British film director and screenwriter (born 1977)

Jo Ho is a British-Chinese screenwriter, director and author, best known for creating the BBC series Spirit Warriors.
She has been credited as the first East Asian person in the UK to have successfully created an original television drama series. Spirit Warriors is also the UK's first TV drama series to star a predominantly East Asian cast.

==Early life and education==
Ho was born in Dagenham in London, and studied Mixed Media Arts at the University of Westminster.

== Career ==
Ho taught herself screenwriting by studying The West Wing and Buffy the Vampire Slayer.

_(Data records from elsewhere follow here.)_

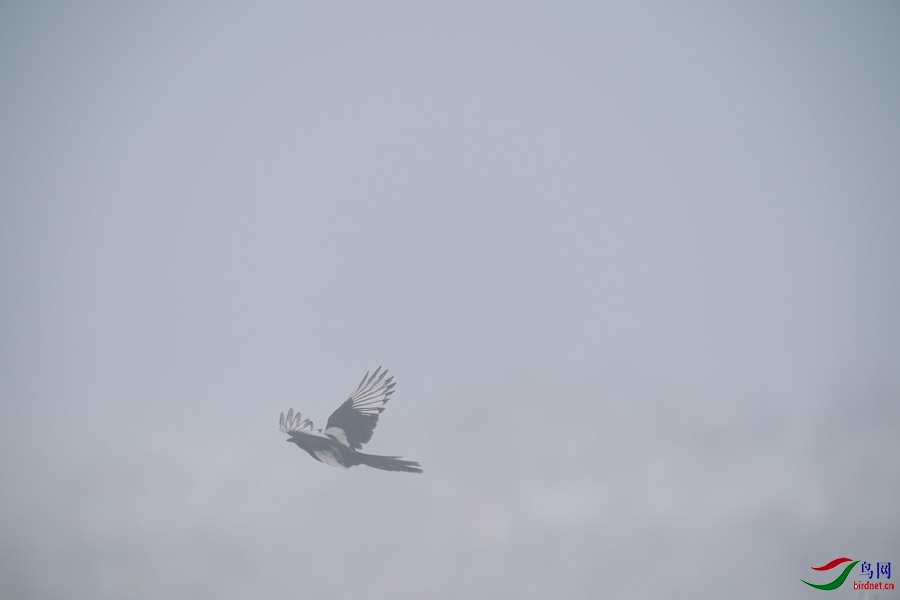 DSC00722.jpg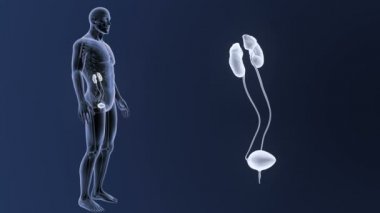 mavi arka plan üzerinde bedeninden insan üriner sistem iskelet arka görünümü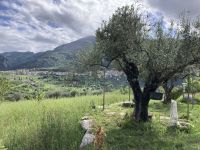 Cilento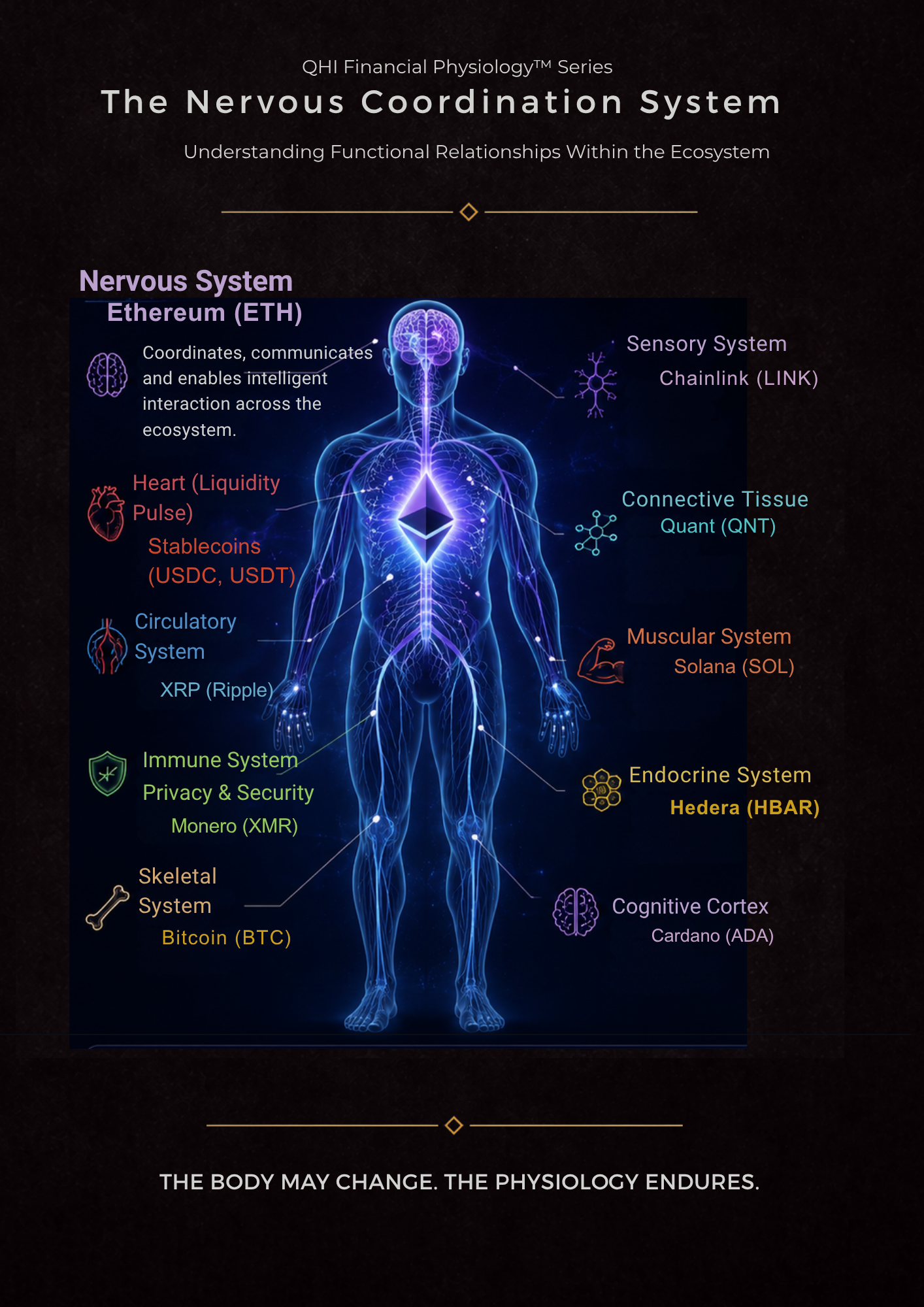 Ethereum: Nervous System™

She went on to work as a production manager on several projects, before writing and directing her first short film Isolation 9 in 2006. The film won the Audience Festival award at the Buffalo-san Short Film Festival. Her next short film Monkey Nut Tales, shot just two months later, was funded by the UK Film Council and Film London as part of the 2006 Digital Shorts Pulse Scheme.

In 2008, Ho was a judge on the BBC Bites Scheme, created to find and encourage British born Chinese writers.

After three years in development, Spirit Warriors began filming in 2009. The series aired in 2010, on BBC HD, BBC Two, and CBBC, and was nominated for "Best Children's Programme" at the 2011 Broadcast Awards.
Ho herself won the Women in Film and Television's "New Talent Award" and was nominated for the Cultural Diversity Network Award for "Best Breakthrough Production Talent".

Known for her high concept work, following Spirit Warriors, Ho has worked as a storyline consultant on a supernatural BBC drama series Bishaash and has been engaged to write three feature films: an action film, a teen supernatural romance and a dark fairytale. In 2012 she was working on scripts for on several original feature films and several TV series including a big budget medieval series for acclaimed producers Morgan O'Sullivan and James Flynn (producers of The Borgias, The Tudors and Vikings).

In addition to screenwriting, Ho is also an author. WANTED, Book 1 of The Chase Ryder Series is Ho's first novel. With over 150 five-star reviews, it has been a best-seller in over 15 Young Adult categories on Amazon and recently won the YA Sci-fi category for the Readers' Favorite International Book Awards (2018). Her second YA book series, TWISTED, an urban fantasy serial about four troubled girls who discover they now command some super dark powers was published in 2018.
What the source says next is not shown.